Monochrome LCD display modules; OLED modules. Various websites feature simple, easy-to-use, and fairly open display modules. However, all modules surveyed with sufficient resolution to be usable for displaying more than a couple lines of text are fairly thick or awkwardly-sized; and all modules that are thin and suitable for a stow-away enclave lack a usable resolution.
TFT displays. The Winstar WF35UTYAIDNN0 features high-contrast IPS technology, and is a good balance between openness and user experience. As of writing, a comprehensive controller IC spec (ILI9488) is available for download.
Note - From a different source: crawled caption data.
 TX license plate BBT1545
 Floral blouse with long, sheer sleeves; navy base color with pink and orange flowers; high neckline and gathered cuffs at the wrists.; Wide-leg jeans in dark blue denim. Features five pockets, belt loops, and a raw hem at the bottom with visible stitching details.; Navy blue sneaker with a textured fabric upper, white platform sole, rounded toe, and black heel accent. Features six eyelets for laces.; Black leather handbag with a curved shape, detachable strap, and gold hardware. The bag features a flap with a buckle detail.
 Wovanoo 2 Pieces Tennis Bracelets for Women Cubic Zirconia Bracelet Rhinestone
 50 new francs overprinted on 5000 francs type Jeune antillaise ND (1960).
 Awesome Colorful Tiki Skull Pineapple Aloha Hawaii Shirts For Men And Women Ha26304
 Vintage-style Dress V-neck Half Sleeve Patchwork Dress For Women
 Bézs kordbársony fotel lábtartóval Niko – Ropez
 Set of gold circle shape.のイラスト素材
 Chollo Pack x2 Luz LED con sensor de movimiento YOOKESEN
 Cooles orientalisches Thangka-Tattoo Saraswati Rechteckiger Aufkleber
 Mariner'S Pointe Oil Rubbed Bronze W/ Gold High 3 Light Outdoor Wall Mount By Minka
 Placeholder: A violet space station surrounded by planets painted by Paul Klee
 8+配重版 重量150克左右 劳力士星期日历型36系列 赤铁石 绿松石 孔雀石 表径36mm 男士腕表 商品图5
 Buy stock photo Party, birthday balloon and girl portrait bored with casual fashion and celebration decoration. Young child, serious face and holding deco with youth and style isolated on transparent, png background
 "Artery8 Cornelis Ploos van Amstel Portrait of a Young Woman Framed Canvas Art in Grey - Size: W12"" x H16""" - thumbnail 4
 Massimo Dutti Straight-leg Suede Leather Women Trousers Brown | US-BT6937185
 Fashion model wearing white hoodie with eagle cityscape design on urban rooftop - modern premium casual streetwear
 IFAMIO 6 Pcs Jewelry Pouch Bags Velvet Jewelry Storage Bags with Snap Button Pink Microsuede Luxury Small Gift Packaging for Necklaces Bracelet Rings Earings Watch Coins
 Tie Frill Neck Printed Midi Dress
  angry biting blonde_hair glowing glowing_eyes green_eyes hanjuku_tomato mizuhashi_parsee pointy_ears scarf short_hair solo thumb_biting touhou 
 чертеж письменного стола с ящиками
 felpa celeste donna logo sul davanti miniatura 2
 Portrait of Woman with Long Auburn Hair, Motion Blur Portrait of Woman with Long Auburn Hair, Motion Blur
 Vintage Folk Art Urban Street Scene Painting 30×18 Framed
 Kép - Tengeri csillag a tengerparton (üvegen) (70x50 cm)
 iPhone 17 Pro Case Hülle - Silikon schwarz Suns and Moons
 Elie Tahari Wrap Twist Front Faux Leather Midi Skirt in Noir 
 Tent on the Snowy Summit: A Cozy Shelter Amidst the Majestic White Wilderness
However, the power consumption is quite high, and the additional processing burden of handling this display’s resolution may be beyond the capability of the enclave.
The final solution picked for the initial betrusted display is the Sharp Black and White Memory LCD part number LS032B7DD02. This black and white display features a 200ppi resolution, an extremely thin (0.71mm) profile, extremely low “display on” power (250uw), goes completely blank when power is lost, and has an extremely simple SPI interface with a trivial programming model. Although the main spec sheet for the display is closed, the spec is simple enough that a C header file will easily encapsulate all the nuance of the device, and the display controller is a chip-on-glass item that can be pattern-verified with an optical microscope. This display blends the best of EPD and TFT. Furthermore, the black-and-white display economizes on RAM space, which is a precious commodity inside a cryptographic enclave.
HCI Key Open Questions
- How do we implement multi-lingual IMEs and unicode font rendering? In other words, how do we accommodate the linguistic diversity of a global userbase without introducing unecessary attack surfaces?
- How do we implement the secure rendering of bitmap images? In other words, what’s the trade-off between a sufficiently simple image format with a small attack surface and a sufficiently rich image format for interoperability?
- How to implement a secure chat? In other words, how do we get Signal to fit inside a secure enclave?
- How to implement a peer to peer secure voice call and/or audio snippets in chat?